# Daisy's here!!!



## nelly (Aug 21, 2011)

I'll pop it on here until that nasty man Krela confines it to the pit!!! 

Daisy's Here!!!

At 9lb 2oz, she was a bit of a heffer, but she made me bawl like a baby and I'm counting down the days till I get my splore pass back!!!


----------



## Raggy (Aug 21, 2011)

Congratulations


----------



## klempner69 (Aug 21, 2011)

Congrats to you both..I need her hair!!!She has more than me!!!


----------



## krela (Aug 21, 2011)

Congratulations to you both, and welcome to the world Daisy.


----------



## UrbanX (Aug 21, 2011)

Emerging from a dark place, crying, and covered in fluid...
She's already a born explorer 

Congratulations dude! We're all made up for ya


----------



## oldscrote (Aug 21, 2011)

Nice one Nelly,congratulations to you both.


----------



## sparky. (Aug 21, 2011)

Congratulations mate


----------



## TeeJF (Aug 21, 2011)

Hee hee... Hope mums ok. I reckon you'll need to get some hard soled booties for her to go urbexing with you. But I must complain because you have made Tonto broody!


----------



## Janey68 (Aug 21, 2011)

Ah she's beautiful.......congratulations. Well worth the wait


----------



## Foxylady (Aug 21, 2011)

Janey68 said:


> Ah she's beautiful.......


She is that. Hello Daisy. Congrats to Mum & Dad.


----------



## nelly (Aug 21, 2011)

Ah, thanks guys, looking on Ebay for an Urbex papoose for her.

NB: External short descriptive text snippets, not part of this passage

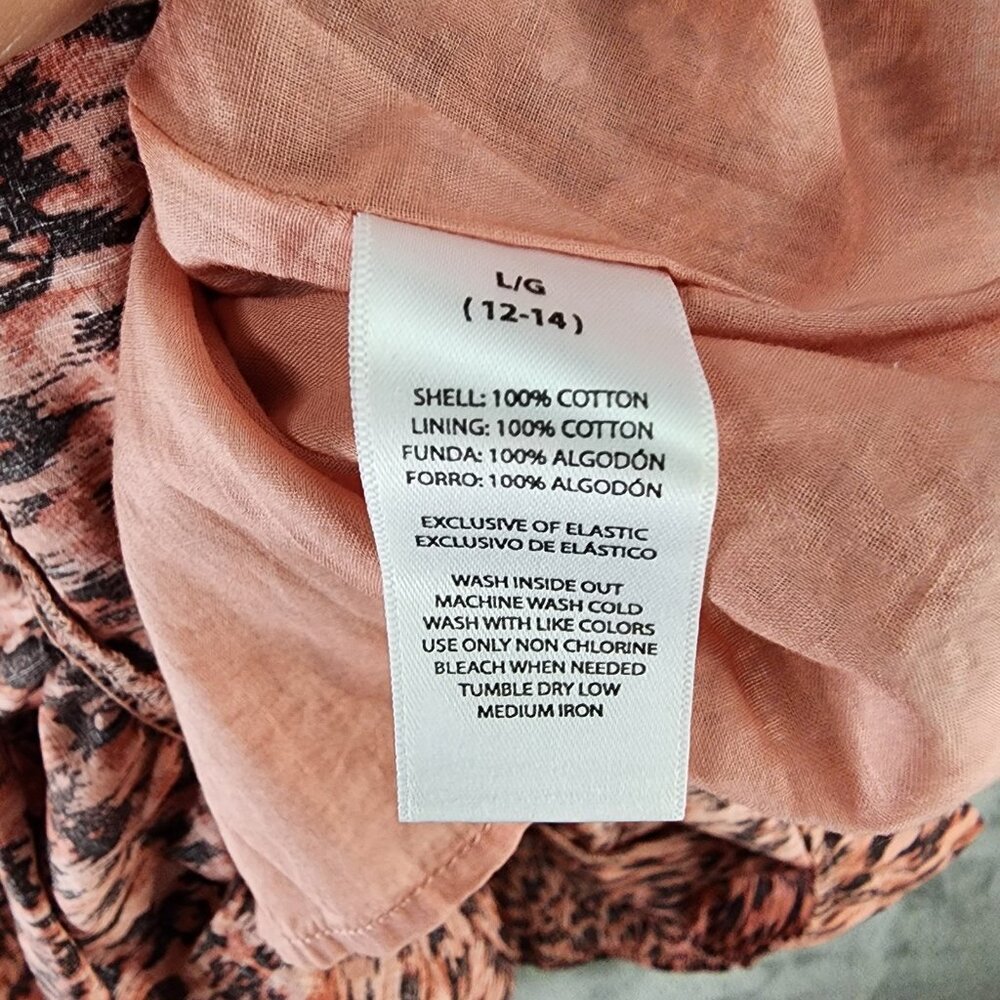 BeachLunchLounge Dress Womens Large Pink Black Smocked Sleeveless Tiered Midi - Picture 9 of 9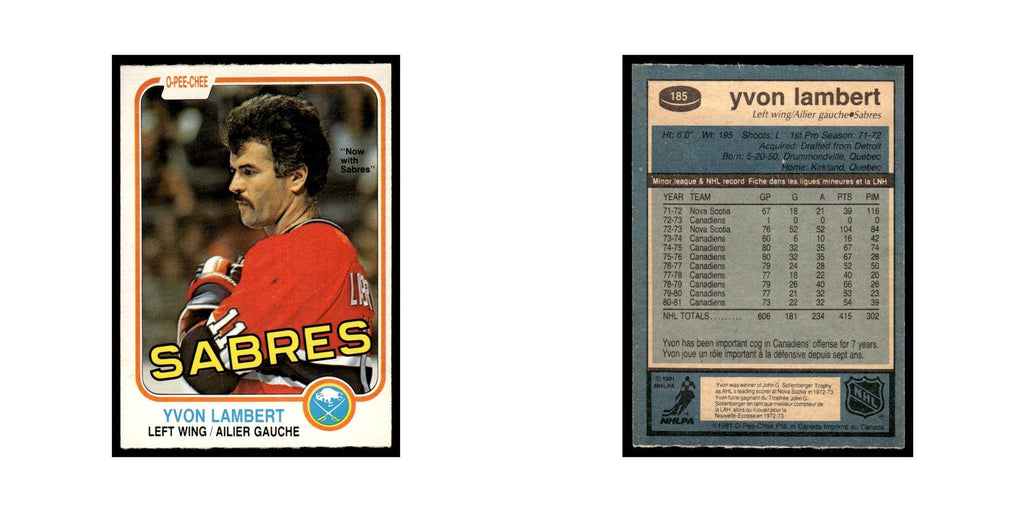 Yvon Lambert 1981 O-Pee-Chee #185 Buffalo Sabres Hockey Card EX
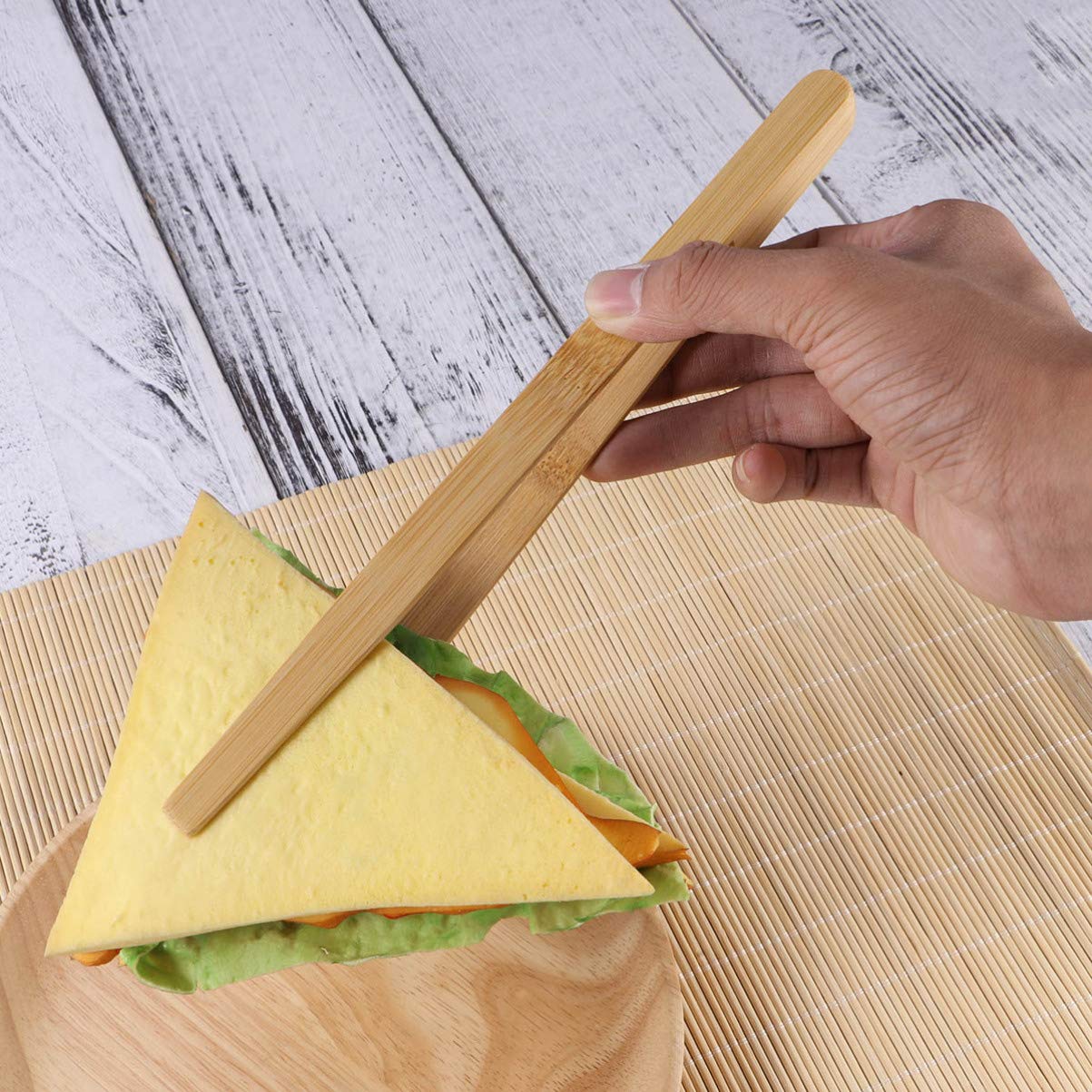 Bamboo Kitchen Tongs - Heat-Resistant Toaster & Cooking Tongs for Grilling, Baking, and Serving - Perfect for BBQ, Salad, and Hot Food Handling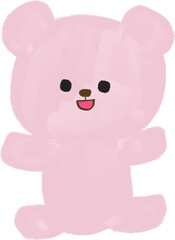 Pastel Teddy Bear Illustration – Character Clipart for Kids Content and Creative Projects (PNG Transparent)
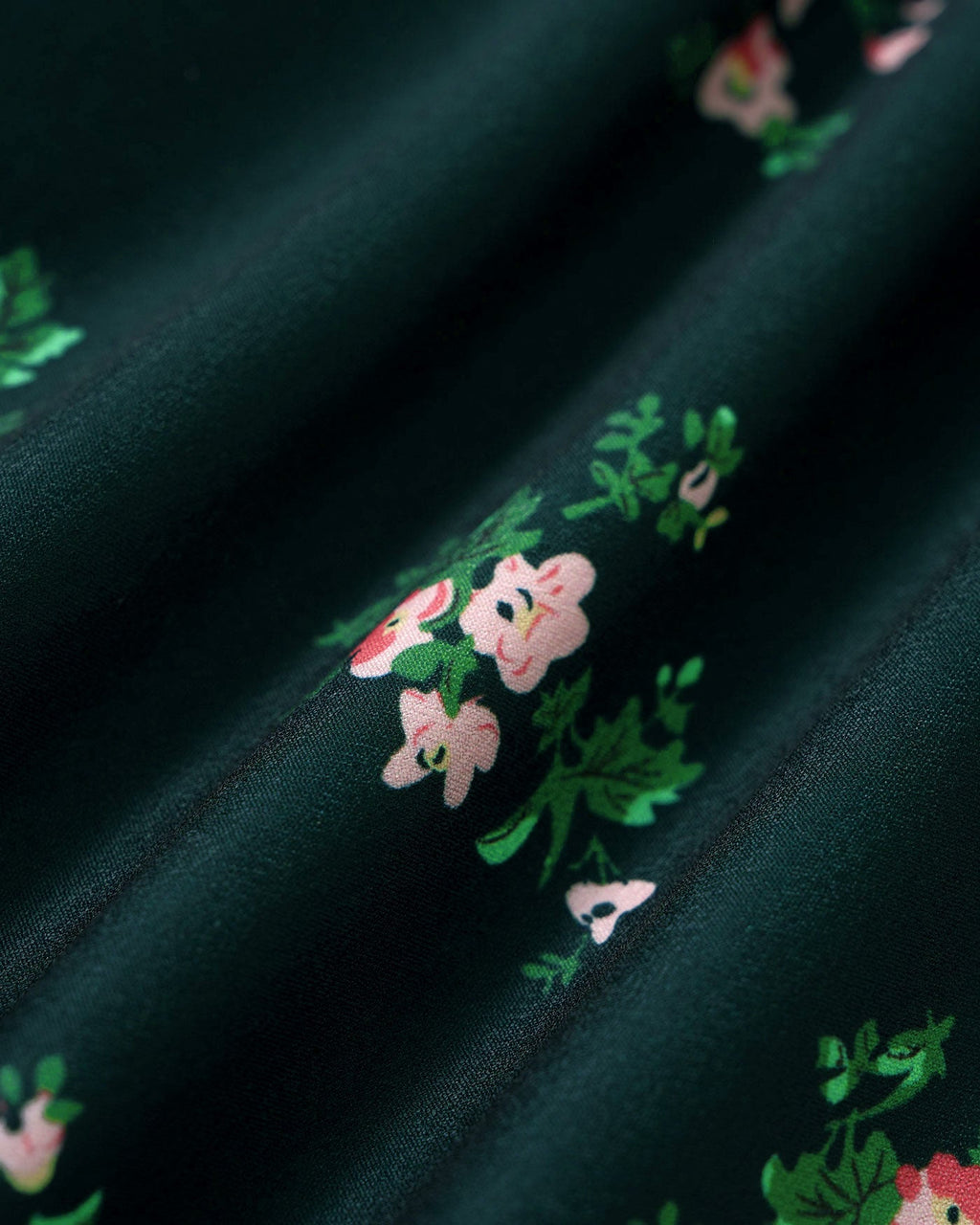 Green Puffed Sleeve Floral Midi Dress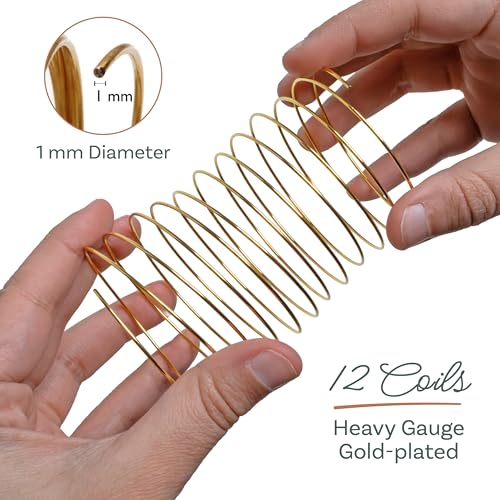 The Beadsmith Memory Wire & End Caps Set - Gold-Plated, 1 mm Thick, 2.25 in (60 mm) Diameter, 12 Bracelet Coils with 8 End Caps, Heavy-Gauge, Bracelet Making Kit, for Jewelry Making - color: Gold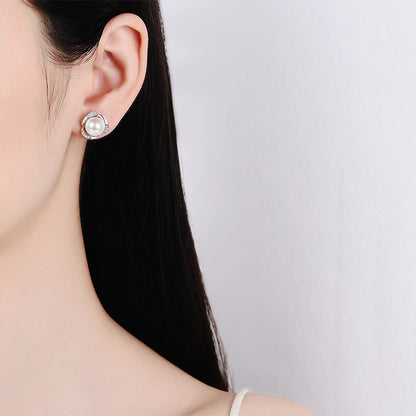 925 Sterling Silver Lucky Toad Stud Earrings - 0.12ct Moissanite & 8mm Pearls with Platinum Plating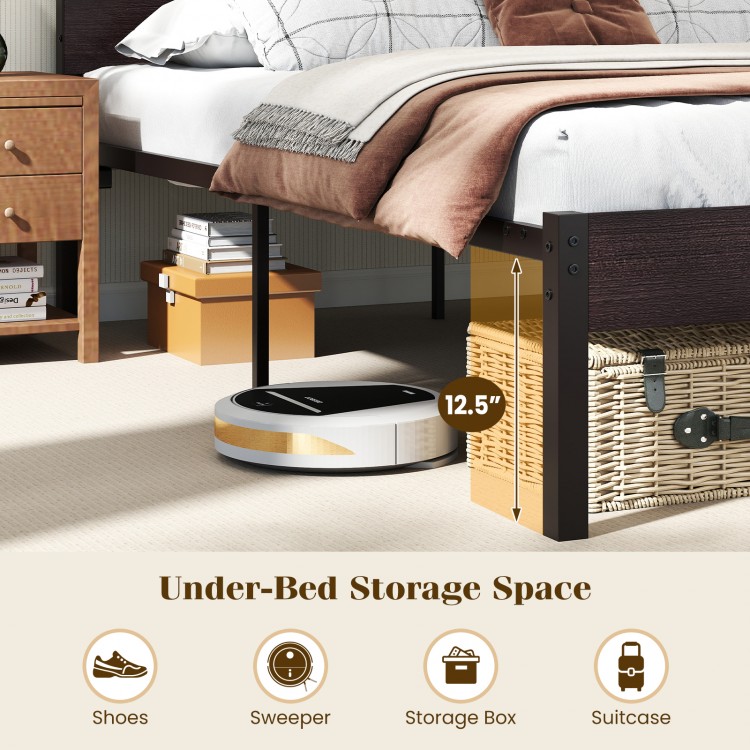 Heavy-duty metal slats bed platform with 12.5 inches under-bed clearance for storage and easy cleaning.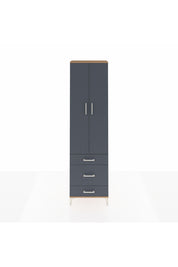 Arges Dolap 4 Raflı 3 Çekmeceli 2 Kapaklı 60x30x221 Çam-Antrasit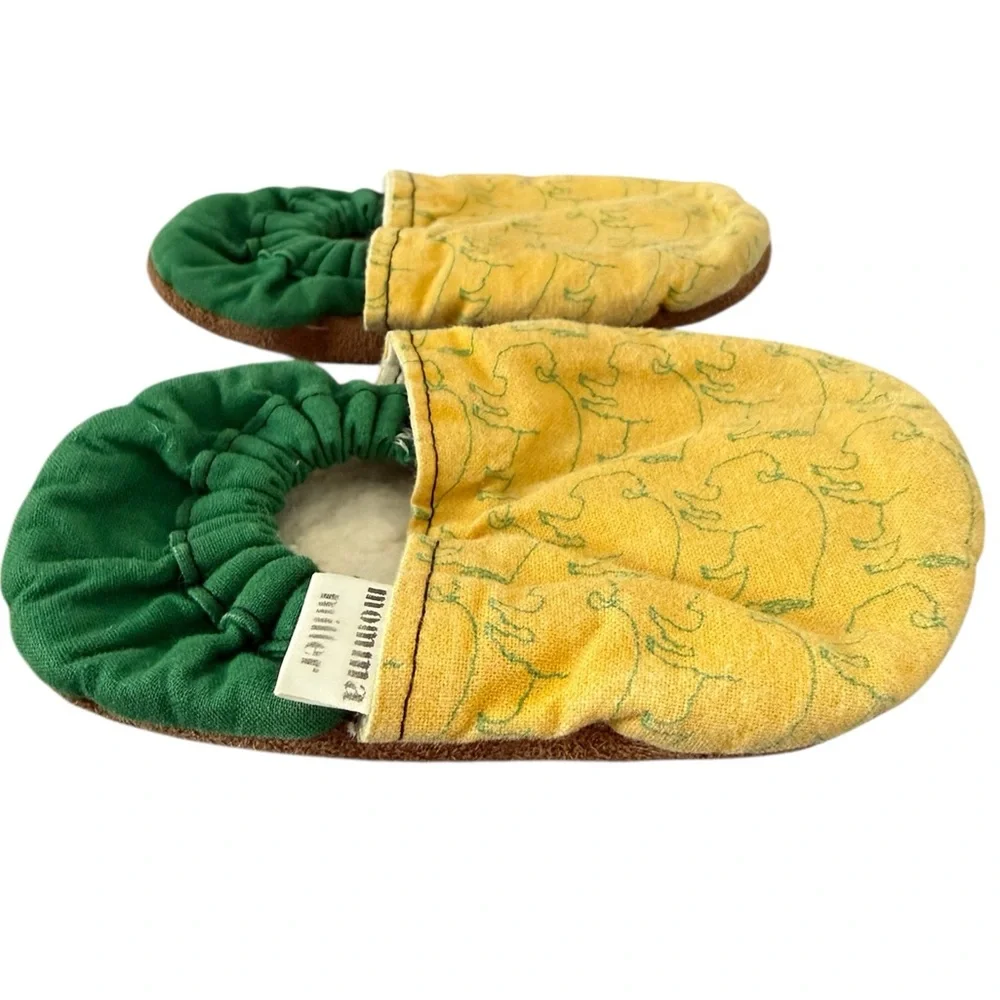 Cozy Green and Yellow Baby Booties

Seriously Krela, I can understand if it needs to disappear, we don't need the site turning into a Father and baby forum


----------



## urban phantom (Aug 21, 2011)

All the best to you


----------



## Acebikerchick (Aug 21, 2011)

Nice one, congratulations...


----------



## muppet (Aug 21, 2011)

congrats nelly now all the fun starts


----------



## highcannons (Aug 21, 2011)

Congrats matey!


----------



## Staticette (Aug 21, 2011)

How adorable, congratulations!


----------



## smiler (Aug 21, 2011)

She looks a bit stern, yeh won’t let her grow up to be a Mod will you, my best wish’s and congrats,


----------



## magmo (Aug 21, 2011)

Come on... get her forst report up, babys are aways exploring.... congratulations...


----------



## alex76 (Aug 22, 2011)

nice one dude


----------



## maximus (Aug 22, 2011)

Simply gorgeous 

congrats to you both!


----------



## gingrove (Aug 22, 2011)

Congratulations ! something lovely in Harlow at last!


----------



## nelly (Aug 22, 2011)

gingrove said:


> Congratulations ! something lovely in Harlow at last!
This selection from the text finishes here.